= Work instructions =
Print the listing below only from the line that has "Illustration pour les" through the line that has "Lot 5 Medium", exactly, and drop any picture.
[[ Excerpted records open ]]
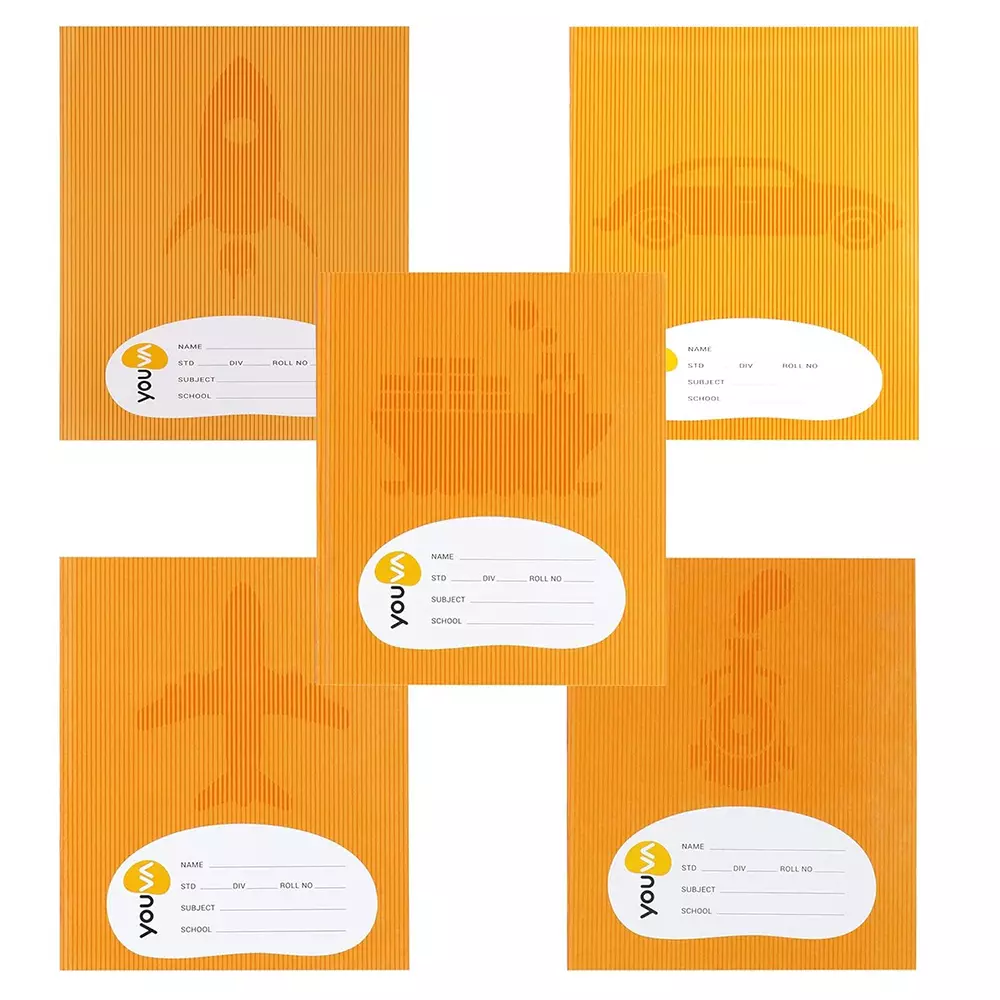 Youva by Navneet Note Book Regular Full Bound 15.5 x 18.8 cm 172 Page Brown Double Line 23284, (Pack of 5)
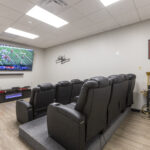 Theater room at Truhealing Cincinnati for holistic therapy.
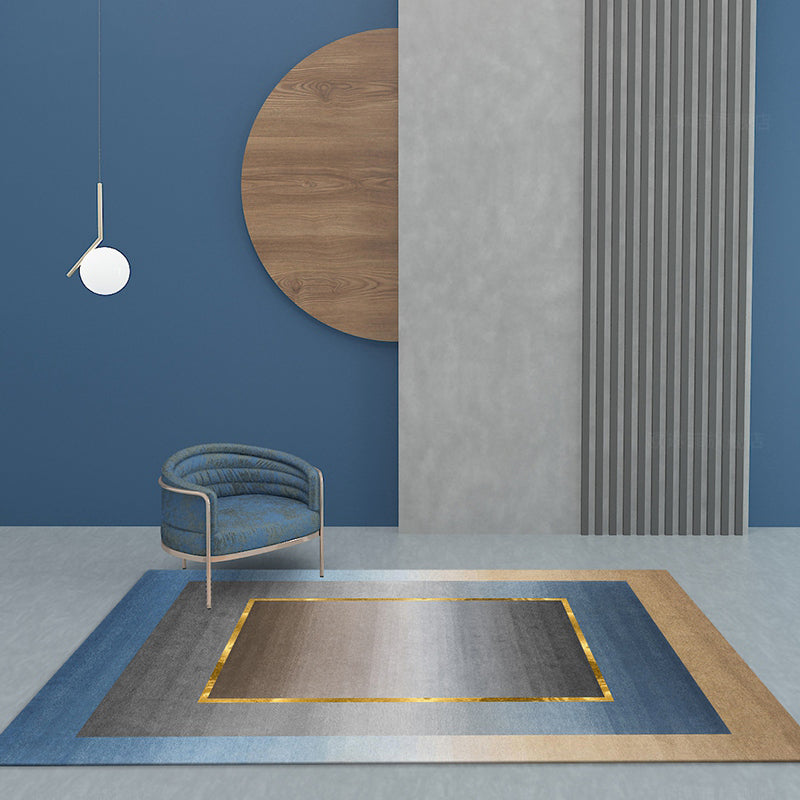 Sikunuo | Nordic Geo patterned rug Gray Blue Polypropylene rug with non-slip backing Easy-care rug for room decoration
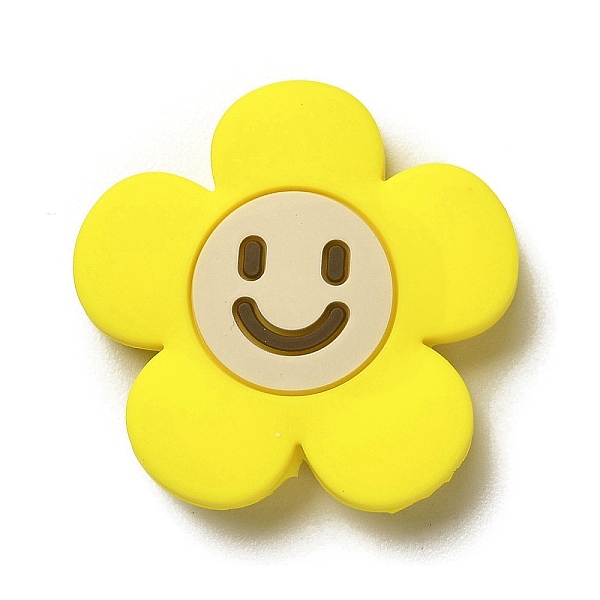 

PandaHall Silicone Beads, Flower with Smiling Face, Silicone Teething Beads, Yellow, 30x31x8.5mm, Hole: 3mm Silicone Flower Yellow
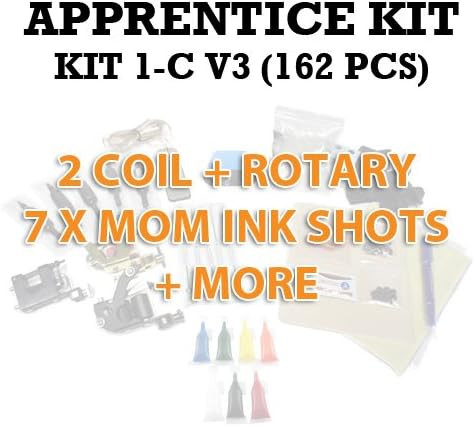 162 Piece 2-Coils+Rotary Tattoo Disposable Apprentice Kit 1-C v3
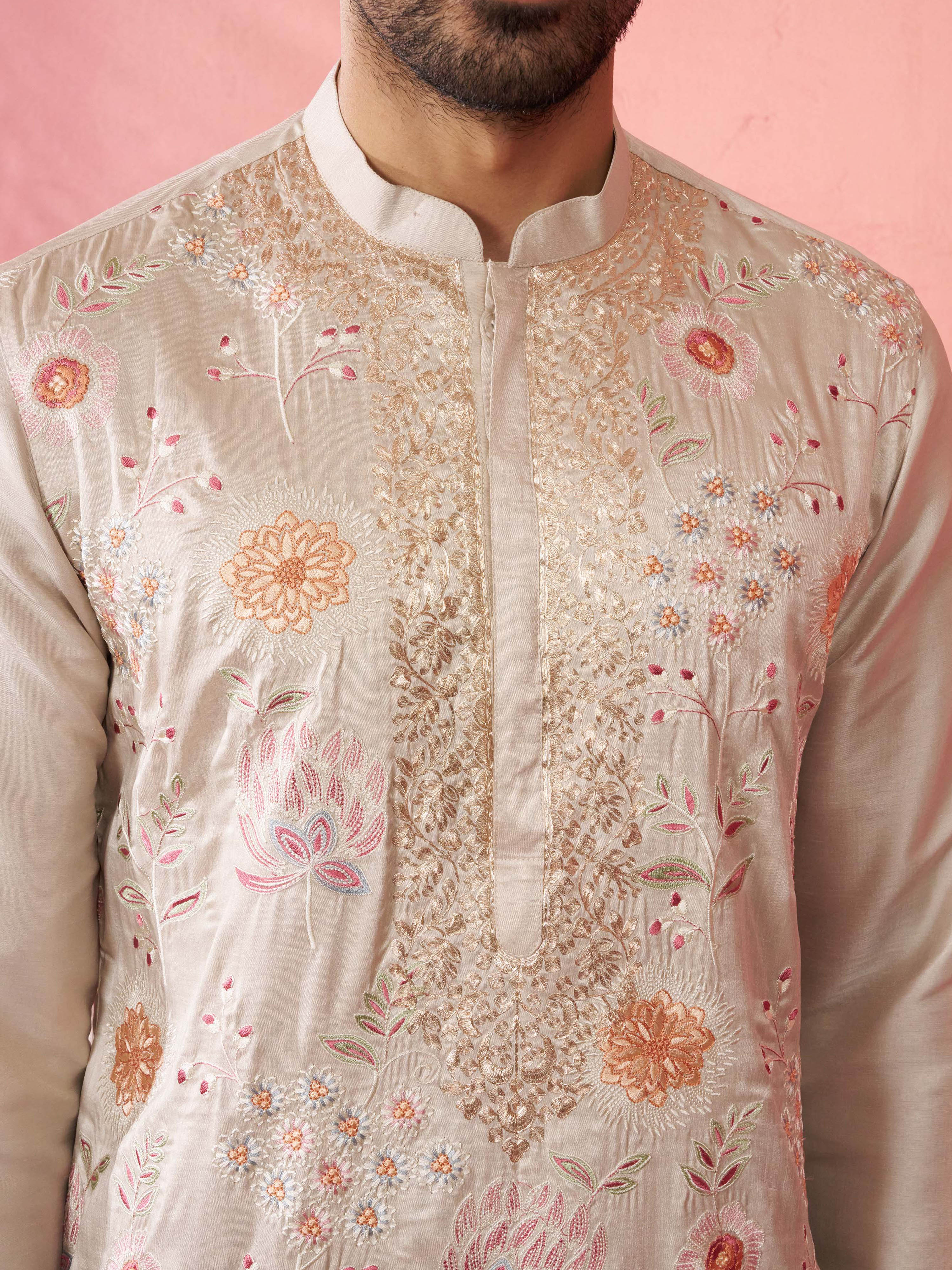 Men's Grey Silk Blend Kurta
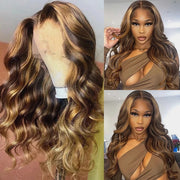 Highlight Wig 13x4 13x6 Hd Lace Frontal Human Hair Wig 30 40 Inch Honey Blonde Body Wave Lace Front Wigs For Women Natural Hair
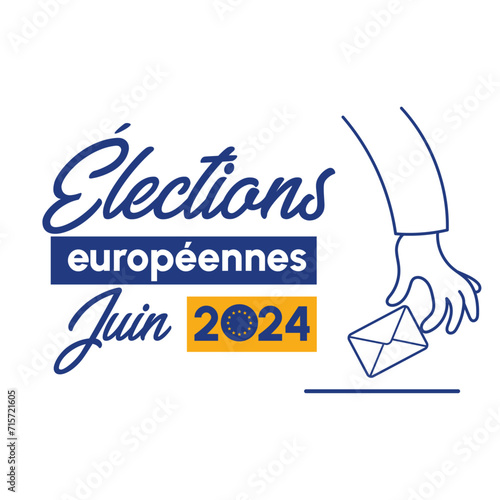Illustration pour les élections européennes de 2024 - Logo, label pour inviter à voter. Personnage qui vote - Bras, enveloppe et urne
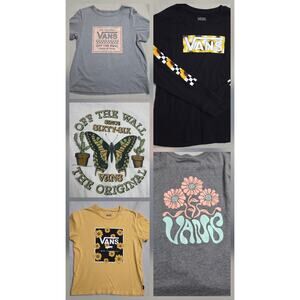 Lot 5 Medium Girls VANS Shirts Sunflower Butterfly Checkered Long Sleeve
[[ Excerpted records closed ]]
[[ Excerpted records open ]]
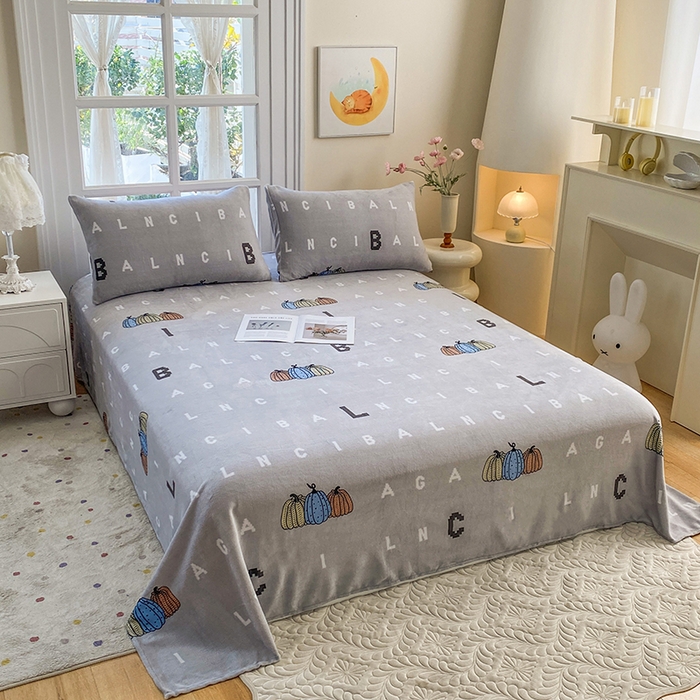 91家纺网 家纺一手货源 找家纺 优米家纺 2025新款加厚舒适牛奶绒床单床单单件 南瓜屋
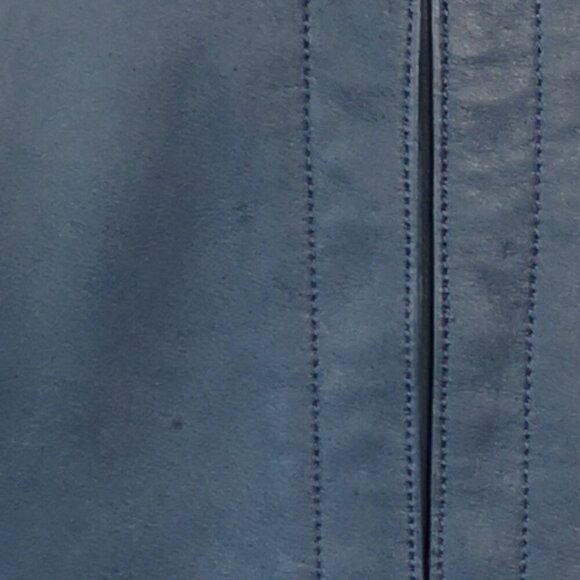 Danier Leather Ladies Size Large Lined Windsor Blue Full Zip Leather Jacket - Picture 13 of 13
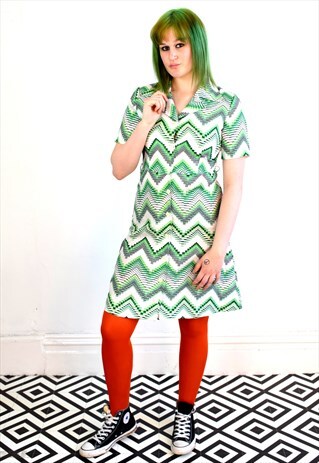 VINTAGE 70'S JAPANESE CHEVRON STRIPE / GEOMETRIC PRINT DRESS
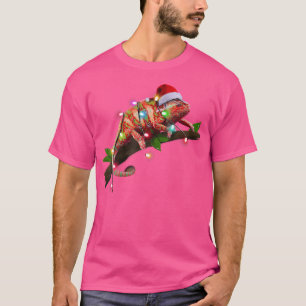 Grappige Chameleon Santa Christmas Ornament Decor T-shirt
[[ Excerpted records closed ]]
[[ Excerpted records open ]]
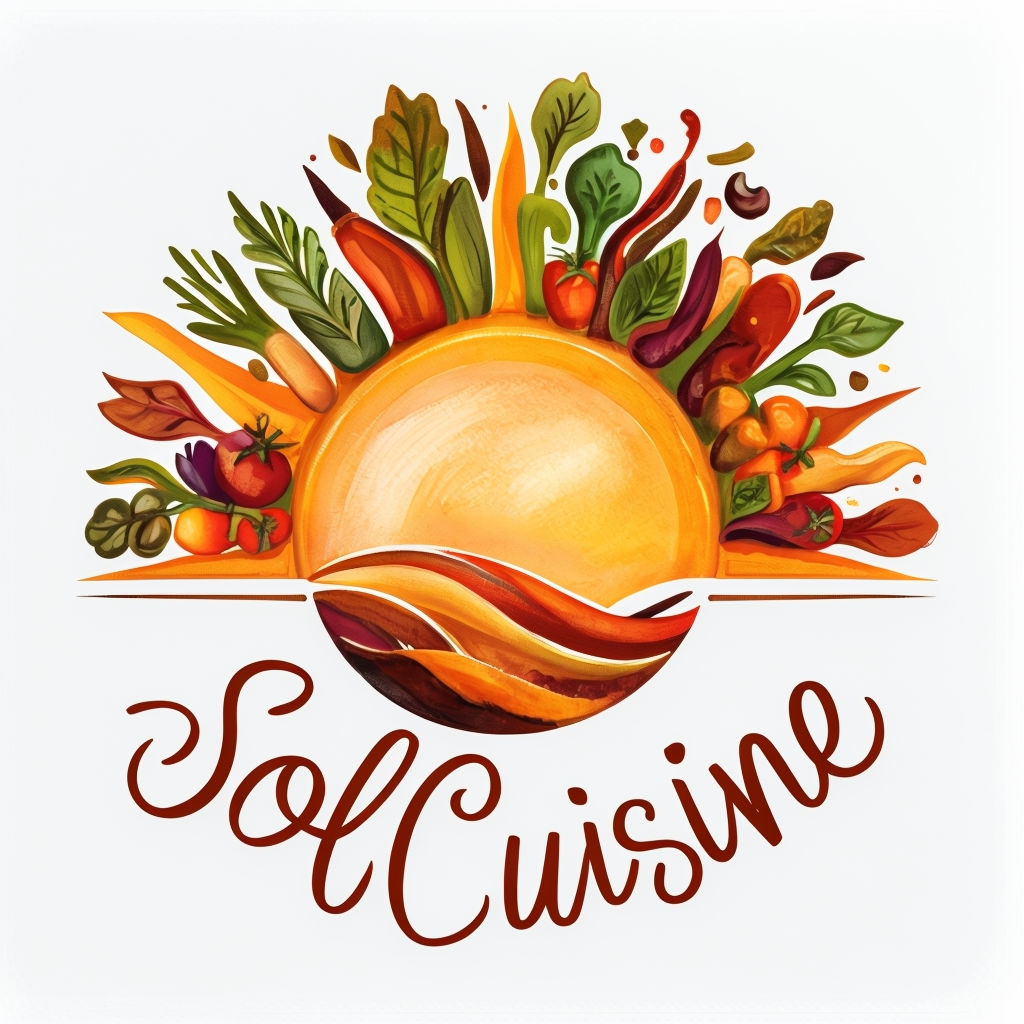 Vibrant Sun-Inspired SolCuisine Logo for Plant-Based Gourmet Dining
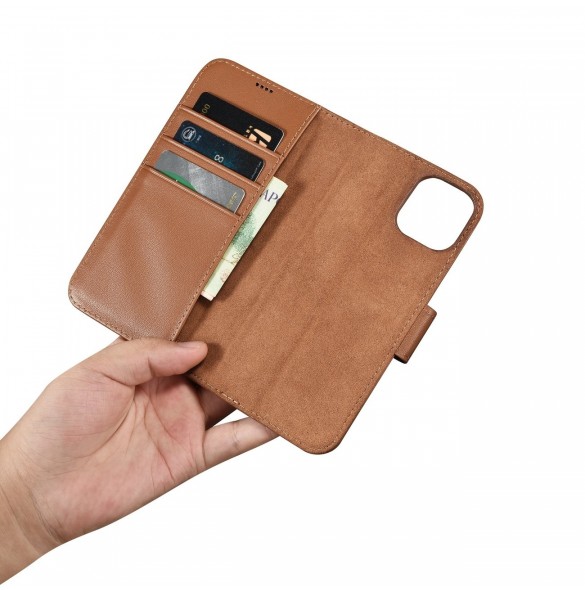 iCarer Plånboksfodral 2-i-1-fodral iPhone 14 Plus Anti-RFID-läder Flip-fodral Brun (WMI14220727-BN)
[[ Excerpted records closed ]]
= Task response =
Illustration pour les élections européennes de 2024 - Logo, label pour inviter à voter. Personnage qui vote - Bras, enveloppe et urne
 Lot 5 Medium Girls VANS Shirts Sunflower Butterfly Checkered Long Sleeve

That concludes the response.